■ DATA FOR THIS TASK:
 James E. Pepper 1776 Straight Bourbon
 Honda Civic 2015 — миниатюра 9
==
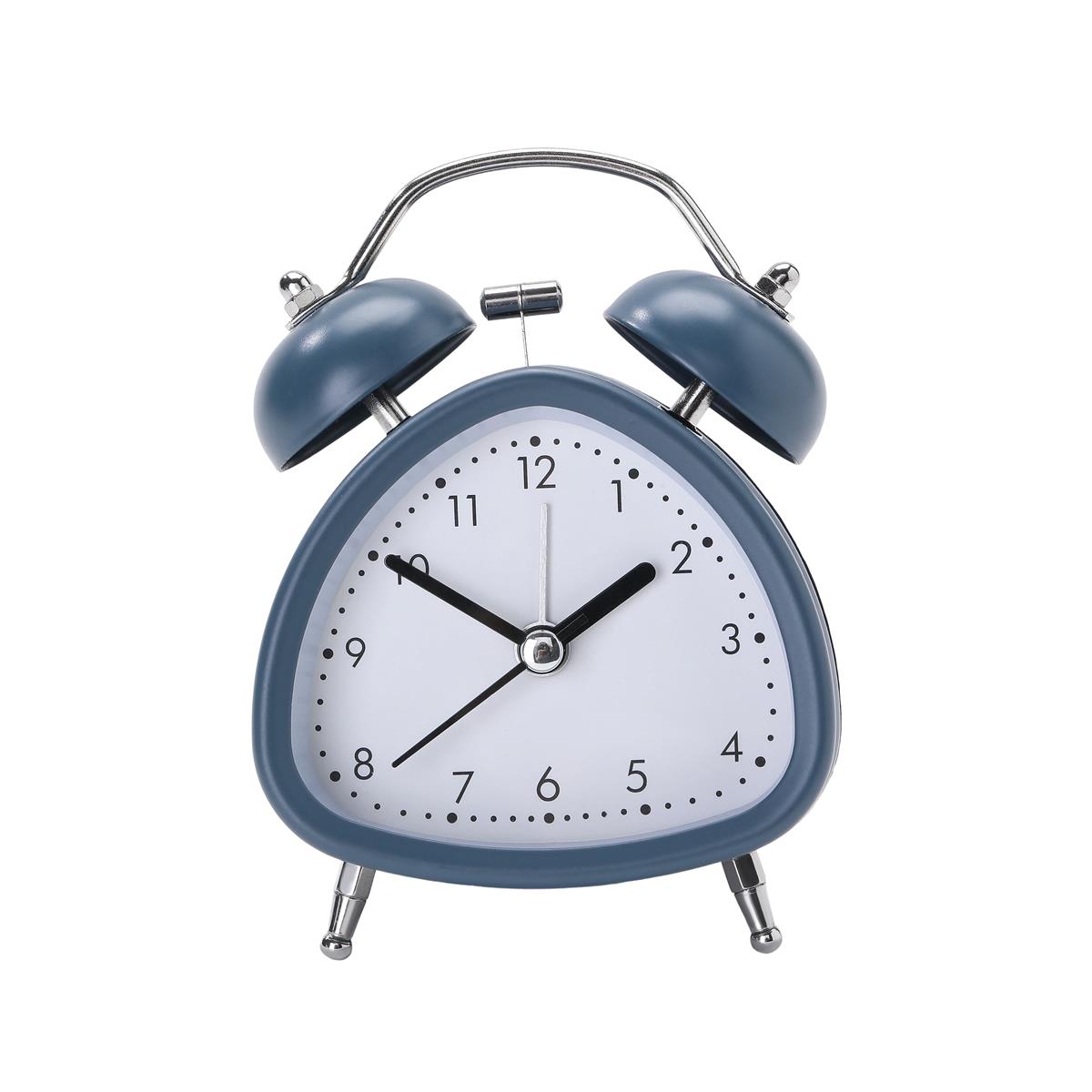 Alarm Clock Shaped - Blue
...
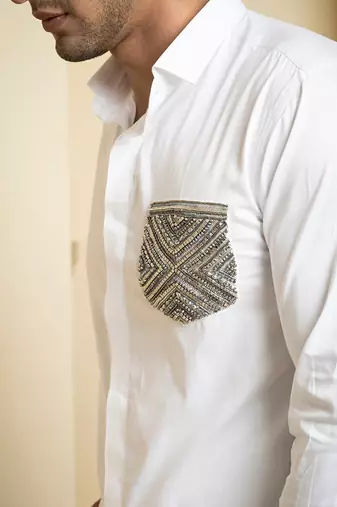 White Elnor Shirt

■ WORK INSTRUCTION: Look above for the line containing "James E. Pepper 1776 Straight Bourbon". Output from there through the line containing "Honda Civic 2015 — миниатюра 9", exactly and inclusively.

■ ANSWER SECTION:
 James E. Pepper 1776 Straight Bourbon
 Honda Civic 2015 — миниатюра 9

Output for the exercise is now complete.